Scott Fleming, Engineering Practice Manager, Think Big Analytics

Scott is the Engineering Practice Manager at Think Big Analytics. Scott has responsibility for practice development, client project management and technology best practices. Scott brings over 15 years experience as a hands-on enterprise architect and has worked with clients globally across many industries. Previously, Scott was a Principal Architect at Optaros, a Solutions Architect at Cell Exchange, an Engineering Manager at Excelon, and Principal Consultant at C-Bridge Internet Solutions. Scott has a B.S. in Engineering Management from the University of Vermont.
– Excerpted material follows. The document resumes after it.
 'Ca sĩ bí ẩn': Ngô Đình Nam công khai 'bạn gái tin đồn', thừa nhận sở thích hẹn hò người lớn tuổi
Presentation: "NetApp Case Study"

Track: Big Data and NoSQL

Time: Friday 15:35 - 16:35

Location: Franciscan I & II

Abstract:

NetApp is a fast growing leader in storage technology. Its devices phone home, sending unstructured auto-support log and configuration data back to centralized data centers. This data is used to provide timely support, to better sell, and to plan product improvements. To allow this, the data needs to be collected, organized, and analyzed. Data volumes are growing 40% per year, and are currently 5 TB of compressed data per week. NetApp was previously storing flat files on disk volumes and keeping summary data in relational databases. Now NetApp is working with Think Big Analytics, incrementally deploying Hadoop, HBase, Flume, and Solr for managing auto-support data. Key requirements include:
* Query data in seconds within 5 minutes of event occurrence.
* Execute complex ad hoc queries to investigate issues and plan accordingly.
* Build models to predict support issues and capacity limits to take action before issues arise.
* Build models for cross-sale opportunities.

In this session we look at the design and lessons learned to:
* Collect 1000 messages of 20MB compressed per minute. This uses a fan-out configuration for Flume, reusing Perl parsers, writing large data sets into HDFS, updating HBase tables for current status, and creating cases for high priority issues. It also uses Java MapReduce jobs that process data downstream.
* Store 2 PB of incoming support events by 2015.
* Provide low latency access to support information and configuration changes in HBase at scale within 5 minutes of event arrival.
* Support complex ad hoc queries that join multiple data sets, using custom User Defined Functions (UDF's) to correlate JSON data. These queries benefit from partitioning and indexing in Hive and can query tens of Terabytes of data. * Operate efficiently at scale.
* Integrate with a data warehouse in Oracle.